CSV looks simple but gets tricky when fields contain commas or quotes. If you split on commas with FS=",", a value like "Smith, John" will be split incorrectly. GNU awk’s FPAT solves this by defining what a field is rather than what separates fields. A typical CSV FPAT matches either a quoted field or an unquoted field. This allows you to preserve commas inside quotes and then unescape quotes for output.

Deep Dive into the concept

CSV has a small but strict grammar: fields are separated by commas, fields may be quoted with double quotes, and quotes inside quoted fields are escaped by doubling them (""). If you parse with FS=",", you cannot distinguish commas inside quoted fields from separators. FPAT reverses the logic. Instead of describing separators, you define a regex that matches valid field content. For CSV, a common pattern is:

FPAT = "([^,]*)|( \"([^\"]|\"\")*\" )"

In practice you can use a single-line regex like:

FPAT = "([^,]+)|(""([^""]|"")*"")"

This matches either unquoted text without commas or a quoted string that may contain escaped quotes. Once fields are matched, AWK treats each match as a field and sets $1..$NF accordingly.

However, FPAT is a GNU awk extension. That means portability is limited. Your CLI tool should detect GNU awk (gawk --version) or provide a --csv mode that explicitly requires it. For users on macOS, the default /usr/bin/awk is not GNU awk; this is a common portability problem. You can either instruct users to install gawk and run gawk -f fieldex.awk, or bundle a wrapper that checks and fails with a clear error message.

After parsing, you still need to unquote fields. CSV quoted fields preserve quotes, so "Alice" becomes a field value including quotes. If you output raw fields, your output may include quotes in unexpected places. For a field extractor tool, you typically want to output the value, so you should strip surrounding quotes and unescape doubled quotes. This can be done with a simple helper: if a field starts and ends with ", remove them, then replace "" with ".

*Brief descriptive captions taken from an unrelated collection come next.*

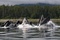 baleines Oceans
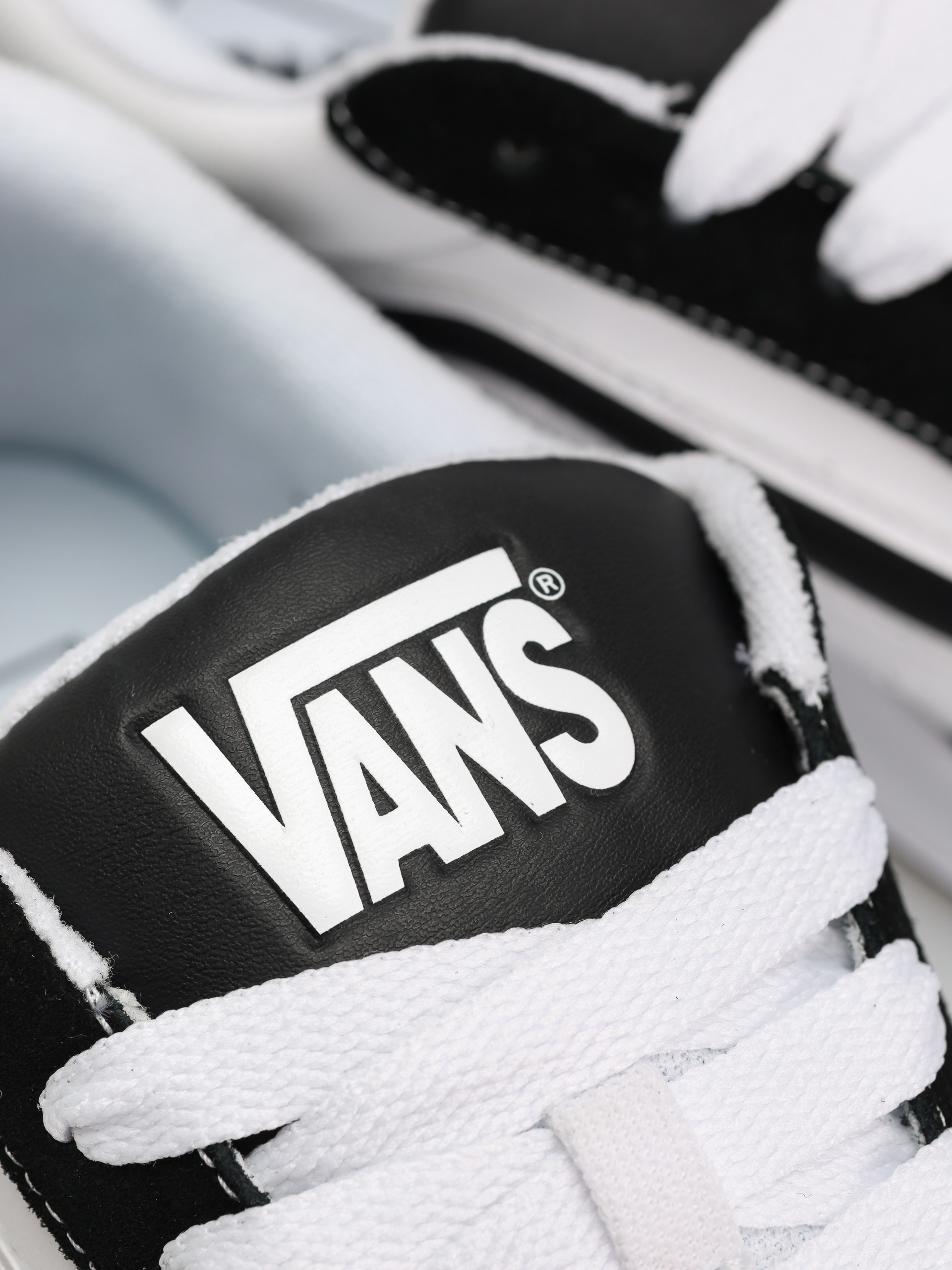 Vans Hylane Schuhe (black/white)
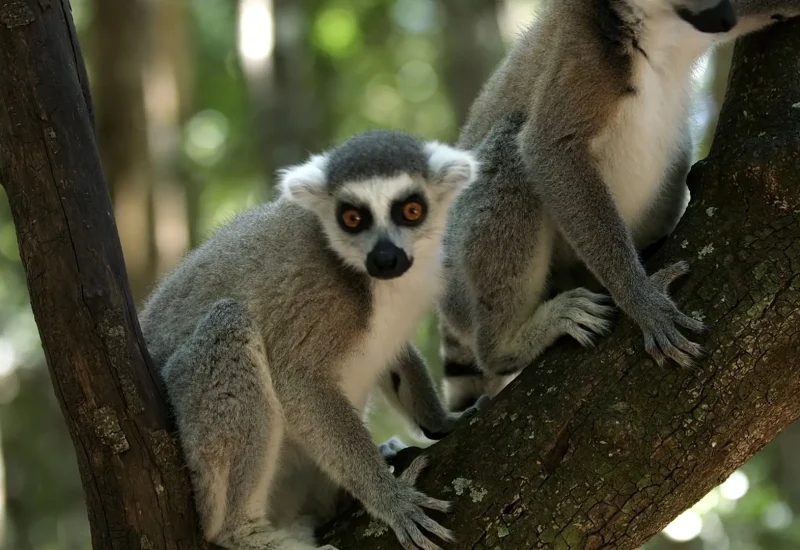 Madagascar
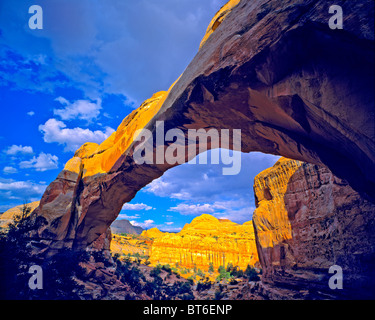 Hickman ponte naturale, Capitol Reef National Park nello Utah, Fremont River, Waterpocket Fold Foto Stock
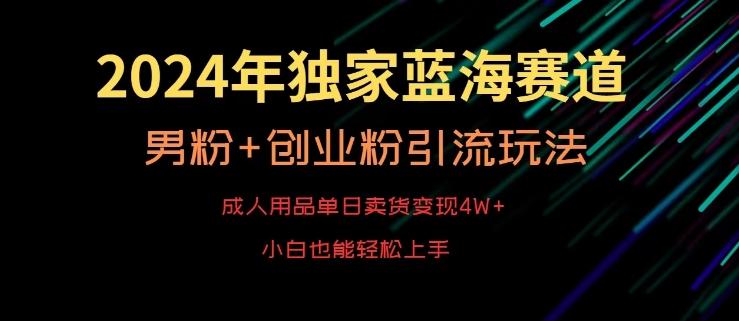2024年独家蓝海赛道，成人用品单日卖货变现4W+，男粉+创业粉引流玩法，不愁搞不到流量【揭秘】-菜菜网创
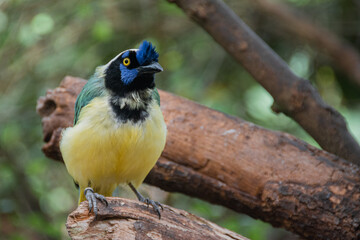Yellow Bird, black and blue head, wild nature. Green Jay, Cyanocorax yncas, wild nature, Beautiful bird from Central America.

Edge cases: empty fields, trailing commas, and line endings. FPAT patterns should allow empty fields (e.g., "" or nothing between commas). This is easy to miss. Also, Windows CSV files may end with \r\n; you should normalize line endings or set RS appropriately. If you ignore this, your output may carry stray \r characters.

Finally, note that CSV can include newlines inside quoted fields. Handling that would require multi-line record splitting by setting RS to a regex that matches a full CSV record. This is advanced and not required for this project, but your documentation should state that multi-line CSV is not supported. Clear boundaries are part of robust CLI tool design.

How this fit on projects

If you want a “real” field extractor, it must not break on quoted CSV. FPAT is the simplest practical approach in GNU awk.

Definitions & key terms

CSV -> Comma-separated values with quoted field rules.
FPAT -> GNU awk variable defining field patterns.
Quoted field -> A field enclosed in double quotes.
Escaped quote -> A doubled quote inside a quoted field ("").

Mental model diagram

line: Bob,"Smith, John",42
FPAT -> [Bob] ["Smith, John"] [42]

How it works (step-by-step)

Set FPAT to a regex that matches CSV fields.
AWK scans the line and extracts matches as fields.
Optionally unquote and unescape quoted fields.
Print selected fields with OFS.

Invariants and failure modes:

Invariant: quoted commas do not split fields.
Failure: non-GNU awk ignores FPAT and breaks parsing.

Minimal concrete example

BEGIN { FPAT = "([^,]+)|(\"([^\"]|\"\")*\")"; OFS="|" }
{ f = $2; gsub(/^"|"$/, "", f); gsub(/""/, "\"", f); print $1, f }

Common misconceptions

“CSV is just FS=",".” (Quoted commas break this.)
“FPAT is portable.” (It is GNU awk only.)
“Quoted fields should keep quotes.” (Depends on output requirements.)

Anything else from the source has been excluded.